BRIEF COMMENT ON THIS WEEK'S FED MEETING AND THE BROAD STOCK MARKET (4:00 pm EDST)

This week the Federal Reserve wraps up another FOMC policy meeting on Wednesday. Many investors and analysts, taking their cues from recent dovish rhetoric from the Fed, seem to be waiting with "bated breath" for the first interest interest rate cut in over a decade. Some are even speculating that could come as an announcement on Wednesday after the FOMC meeting. Anticipation of a cut could fuel a rally in equities into Wednesday, but if the Fed doesn't deliver, we could then see a sharp fall in the markets. Since this would be within our current strong reversal zone, it could be the trigger for a significant correction down. We will be watching this situation carefully on Wednesday.






Trading Blog (1)        Monday,  June 17,  2019

6/17/2019

 
UPDATE ON PRECIOUS METALS AND CRUDE OIL  (3:00 pm EDST)
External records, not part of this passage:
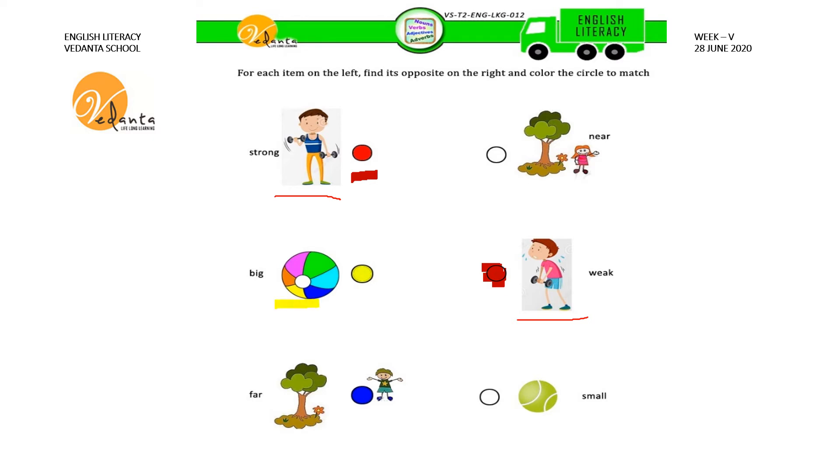What is the next picture? Big — it is a big boy. The opposite of big is small. The color given to the circle near the big boy is yellow, so we have to give the same yellow color for the circle near the small boy also. The next picture is far — a girl is standing far away from the tree. What is the color for the circle given here? Blue. The opposite of far is near, so we have to give the same blue color.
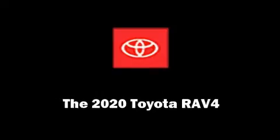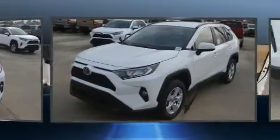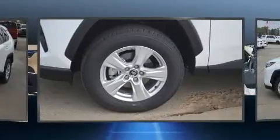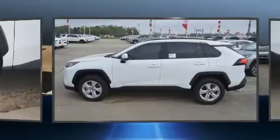Introducing the 2020 Toyota RAV4. The aerodynamic exterior design both looks good and enhances fuel economy, providing a smooth and predictable driving experience. Well-tuned suspension and stability control deliver a spirited yet composed ride and drive.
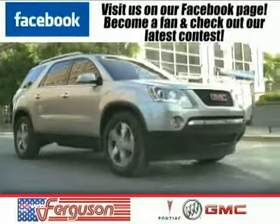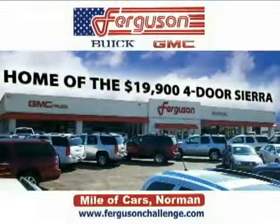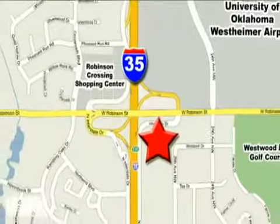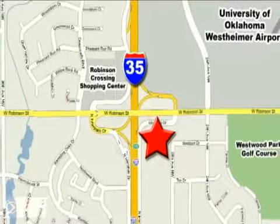The deals won't get any better than they are every day at Ferguson Buick GMC, home of the 19.9 four-door Sierra. We're conveniently located on I-35 and West Robinson Street in Norman, Oklahoma.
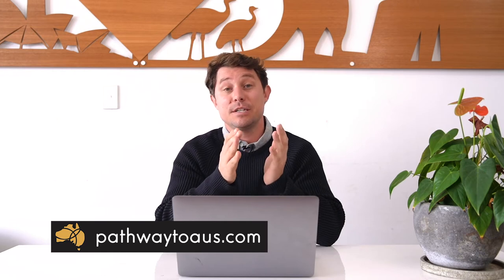I hope you find this information helpful. If you have any questions on the New Zealand partner visa subclass 461 or other visas, feel free to contact Pathway to Oz. Thank you.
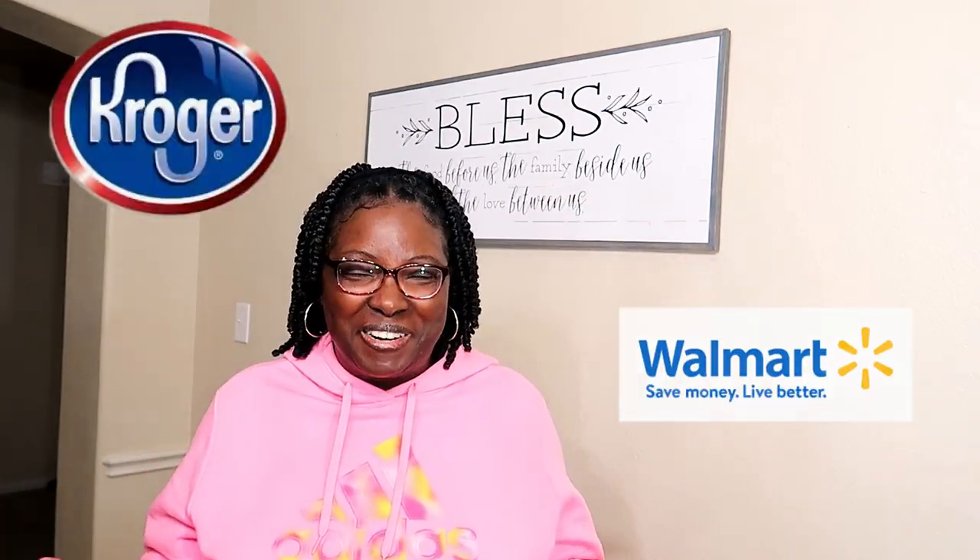Hey y'all, this week's grocery haul is coming to you from Kroger and Walmart. I ordered the Kroger groceries on the app and picked them up, and I had the Walmart groceries delivered to the house.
Both gold and silver made peaks on Friday (in our reversal zone for these metals) before prices pulled back a bit. It looks like both metals are now taking some sort of correction (especially since gold made a new high on Friday while silver did not - i.e. bearish divergence). A modest sub-cycle corrective dip is due this week in gold (but not in silver) that could take prices to the 15-day moving average (now around $1330 and rising). But it's also possible for gold to fall below that (and even get as low as $1290 for a more serious correction). Either way, we are looking to buy the bottom of this correction in both gold and silver. Silver's cycle is only three week's old and not yet due for a significant sub-cycle correction. Silver's dip may go to to $14.50 - $14.70. Gold and silver both started new medium-term cycles recently so they are potentially very bullish now. On the sidelines and looking to go long soon (maybe over the next few days).


​Crude oil appears to be making a double bottom to its low from last Wednesday at $51 (July contract chart). That low was in the current reversal zone for crude (June 7 - 24), but it can still push lower this week. Because it looks like we are starting a new medium-term cycle here, we want to buy this low. We will do this if prices edge a bit lower over the next few days. On the sidelines but looking to go long soon.





Trading Blog       Sunday (late night),  June 16,  2019

6/16/2019

 
UPDATE ON THE BROAD STOCK MARKET  (11:30 pm EDST)

Last week the broad stock market traded within a rather narrow range and remained relatively flat. There was no rally to challenge all-time highs in the DOW, S&P 500 or NASDAQ, and there were also no significant corrections. Thus we were not tempted to sell short at any high or buy any corrective low. Our current reversal zone, however, continues through the end of this week (and maybe even into the following week) so there is still time for a significant top or bottom to form. If this market rallies strongly now to test the all-time highs of these three indices (
26,696 from April 23 in the DOW,  2,954 from May 1 in the S&P 500, and 8,176 from April 29 in the NASDAQ) by the end of this week then we will consider selling short, especially if one or two, but not all three indices, make new highs (bearish divergence). If "trade war" worries continue to plague the market, we could also see equities fall to a corrective low and a good spot to buy (as long as that low doesn't break below the June 3 lows that recently started  new medium-term cycles in all three indices - i.e. 24,680 in the DOW, 2,729 in the S&P 500, and 7,292 in the NASDAQ). Breaking those lows would indicate that the new cycle is turning bearish very early and the market would continue down well into the summer. A good target for a correction that would keep this market bullish would be around 25,500 in the DOW and 2,825 in the S&P 500. Let's watch for those levels this week as a possible buying opportunity. Still on the sidelines of the broad stock market.